Астролог жил на окраине города, в простой деревянной хижине. Внешне ничто не говорило о громадном уважении, каким он пользовался у жителей Кало. Никто из них не начинал строить дом, не уточнив у астролога, хорошо ли выбрано место для будущего жилья. Фундамент закладывался только при благоприятном расположении звезд. Прежде чем устраивать свадьбу, жених с невестой или их родители приходили к звездочету и просили проверить на совместимость гороскопы нареченных. Астролог советовался со звездами о лучших днях охоты или поездки в столицу. Предсказания были настолько точны, что слава о нем разнеслась далеко за пределы Кало. К нему приезжали и приходили из окрестных деревень и даже из отдаленных уголков провинции. Поговаривали, что многие англичане, жившие в Кало и открыто насмехавшиеся над бирманской астрологией, называя ее вместилищем суеверий, тайком обращались к нему за советом. Правда, доказательств этому не было, и слухи оставались слухами.

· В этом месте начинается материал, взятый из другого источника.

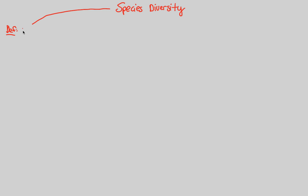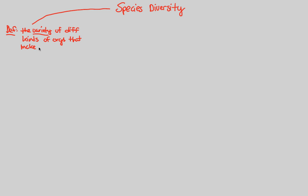We're going to first define species diversity. It is the variety of different kinds of organisms that make up a community. Because we are talking about community ecology, this is a very simple and clear definition to understand the diversity of species within a community's boundaries.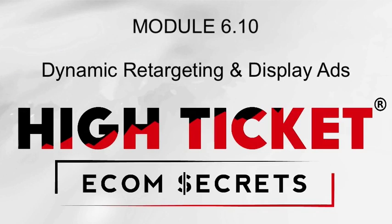All right, welcome to module 6.10, and in this video I'm going to show you how to set up dynamic retargeting.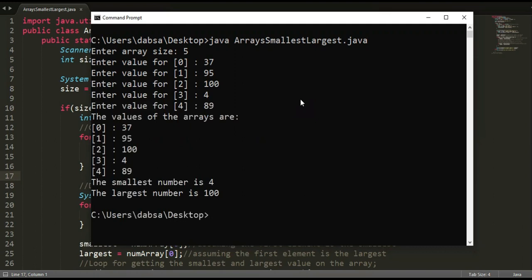We can also get the smallest and largest number through sorting. Once the array is sorted in ascending order, index 0 is now the smallest and the last index is now the largest. To get the last index, we'll just use array dot length minus 1 to match the indices.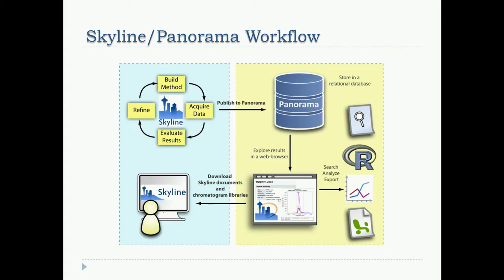From Vagisha's first paper: this describes how these systems relate to each other. Skyline facilitates what we call the targeted method refinement cycle, and then you publish to Panorama as a relational database that can be browsed by a website. You can use tools like R and Excel, and custom charts in LabKey, to view the data. You can do queries across many experiments, or download things and get the responsiveness and point-and-click abilities of Skyline very quickly.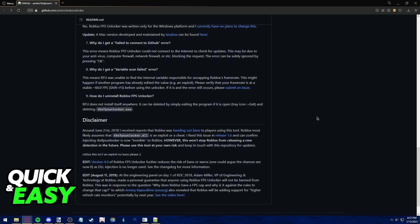After you uninstall both files, you won't have to worry and the program is successfully uninstalled.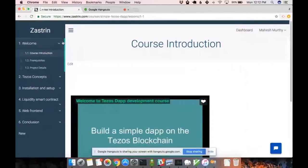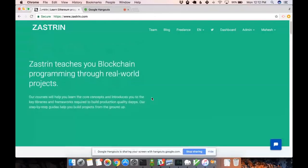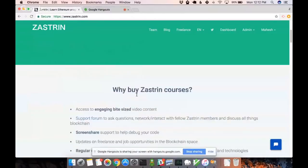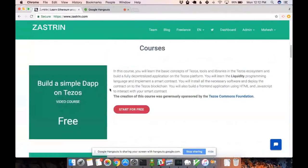Let's take a look at what you've put together for Tezos. In your Hangout window there's a green screen share in the upper left-hand corner — if you can go ahead and take over the screen there, you can show us what you've built. This is my website — you can go on Zastrin.com. I have a whole bunch of courses. The very first one I have right now is the one I just launched, which is building a simple dApp on Tezos.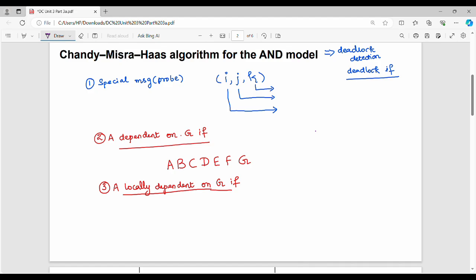Hi friends, welcome back. In Unit 3 Distributed Computing, we will talk about Chandy-Misra's algorithm for the AND model. For deadlock detection, we have two algorithms: the first is Chandy-Misra's algorithm for the AND model. It is a very simple algorithm — easy to find key points. The AND model means a specific request is satisfied if and only if all resources are granted to the process. We use a special message called a probe, which has a triplet format.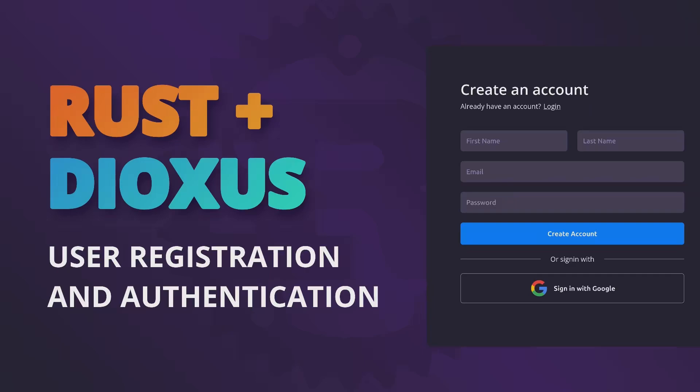Hello and welcome to my channel. Today's video is on user authentication using the Dioxus full stack framework. This video is split into a two-part series where in part one we'll take a look at classic authentication using an email address and password, and in part two we'll take a look at social authentication using Google.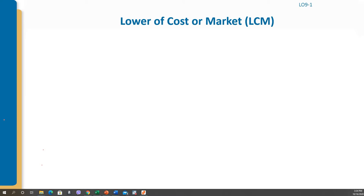This is Part 2 of Chapter 9. In this part we will discuss the lower of cost or market, and then we will solve one problem. To identify the market first, we can then compare between the market and the cost.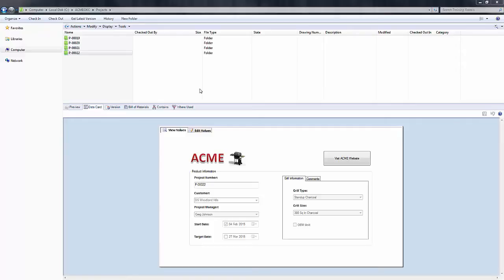It's a very simple process, so we'll just step into it. I'm going to do this on my p-00022 project folder that you see here in the local view of Enterprise PDM.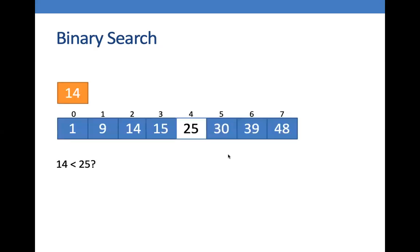Binary search is also an algorithm that makes use of the divide and conquer approach. So what we do here is we are going to search for a number in a list.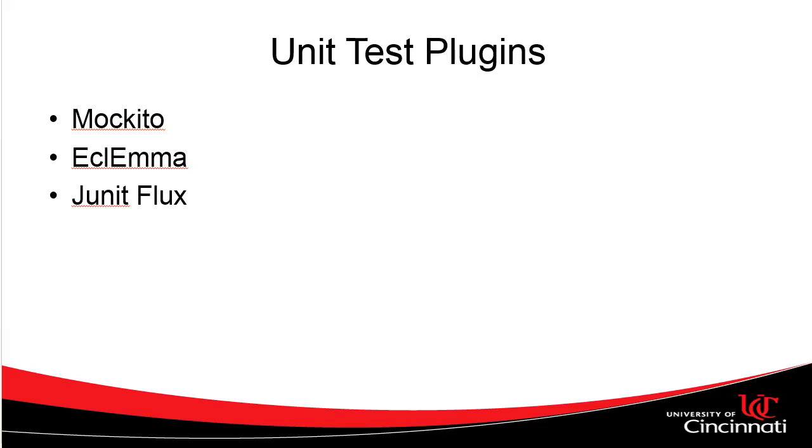So JUnit Flux is one of the three tools, one of the three plugins we use with Eclipse that helps us to write effective unit tests. I hope this video has been helpful, and I look forward to seeing you in the next one. Thank you.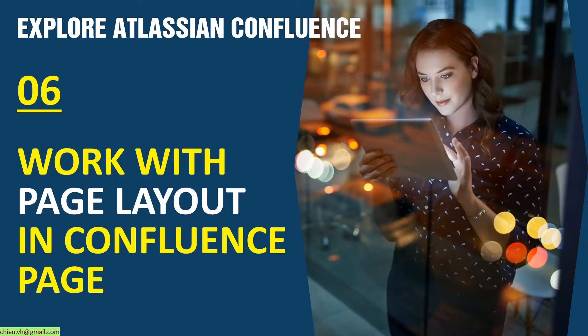Hi, welcome to the Explore Atlassian Confluence training course. Today is Day 6. I would like to show you how to work with page layout in Confluence Page. Let's get started.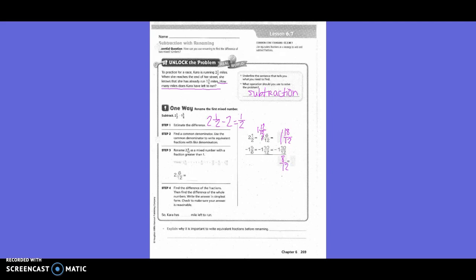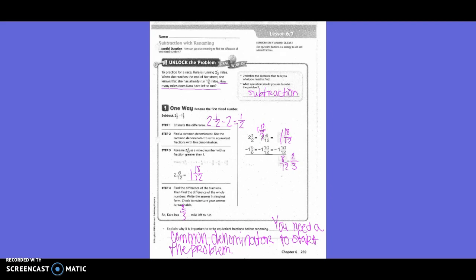Then they want it simplified — what goes into both 8 and 12? 4. How many times does 4 go into 8? 2 times. Into 12? 3 times. So we said 2 and 6/12 could also equal 1 and 18/12, and found the difference. So Kara has 2/3 of a mile left to run. Explain why it is important to write equivalent fractions before subtracting: you need a common denominator to start the problem.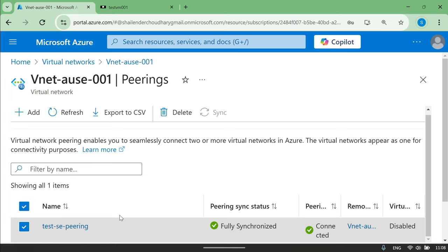This is how you can set up the peering connection between two different virtual networks so that your resources within those virtual networks can connect with each other. I have also explained the advanced configurations used in real-time scenarios. That's all for this video — I hope you liked it. Please like and subscribe. Thank you so much.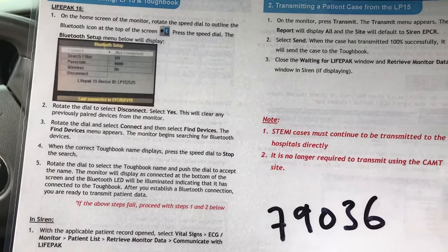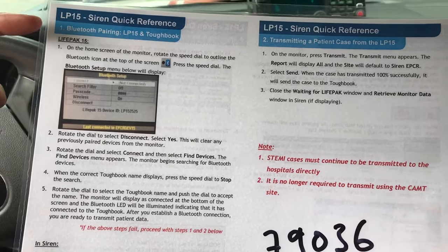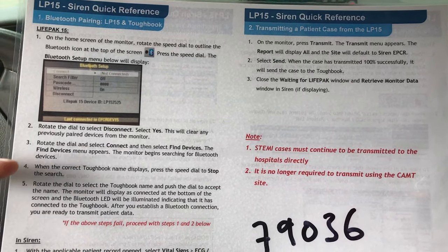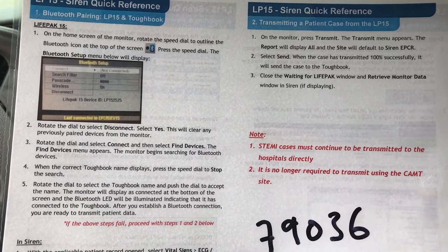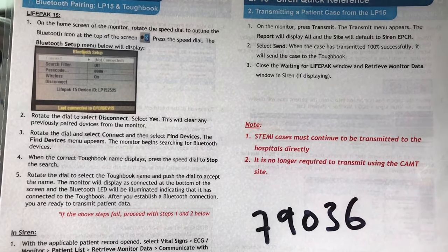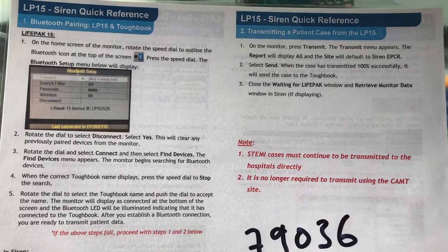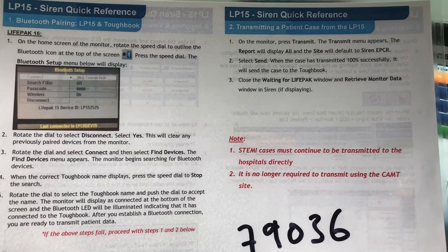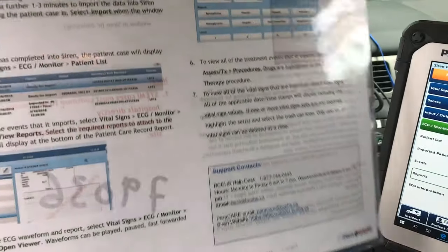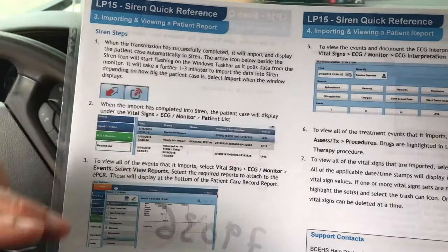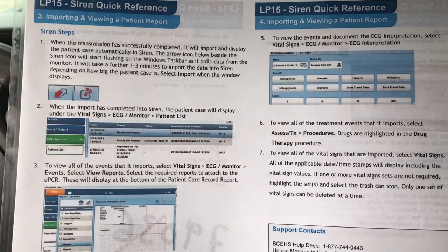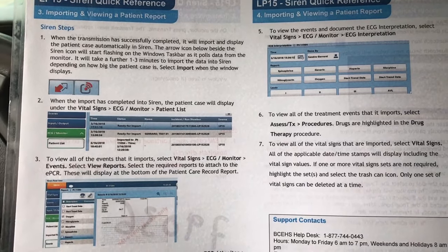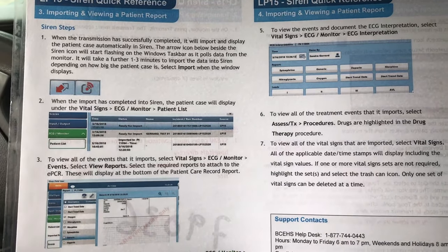This is a great quick reference guide. Page one is the pairing I've showed you how to do. There's an alternative way if you have a challenge pairing from the LP-15 — you can pair from Siren. The transmission quick reference is an easy thing to do. And on the back side, this helps you navigate through Siren and pull up your fields once you've downloaded from the LP-15.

Когда супруги пришли, астролог, скрестив ноги, сидел посреди комнатки, в которой обычно принимал посетителей. Кхину Маунгу подумалось, что круглая голова предсказателя похожа на полную луну. Глаза, нос и рот старика были идеально правильными, картину искажали лишь большие торчащие уши. Никто не знал, сколько ему лет. Даже глубокие старики не помнили его молодым, поэтому все считали, что астрологу больше восьмидесяти. Спрашивать звездочета о возрасте никто не осмеливался, а сам он о себе никогда не говорил. Мудрыми чертами лица и рассудительностью он резко отличался от многих здешних стариков, сморщенных и слабоумных. Никто не помнил, чтобы астролог на кого-то рассердился, повысил голос. Нет, его речь всегда была негромкой и мягкой, а зрение и слух оставались на уровне двадцатилетнего юноши. Годы испещрили морщинами лицо, однако кожа не висела безобразными складками, как у большинства стариков.
Поклонившись, Кхин Маунг и Мья Мья остановились на пороге, не решаясь войти. Для молодой матери это было тем более странно: она приходила сюда столько раз, что давно сбилась со счета. Но каждый визит к астрологу вызывал дрожь в коленках. Приходя сюда, она неизменно испытывала глубокое почтение к старику и благоговейный трепет перед его мудростью. Кхин Маунг был здесь впервые, и к чувству почтения примешивалось обыкновенное любопытство. Родители Кхина постоянно навещали астролога, но его с собой не брали. Даже когда он собрался жениться на Мья Мья, пошли к старику одни и лишь потом объявили сыну, что звезды благоприятствуют такому союзу.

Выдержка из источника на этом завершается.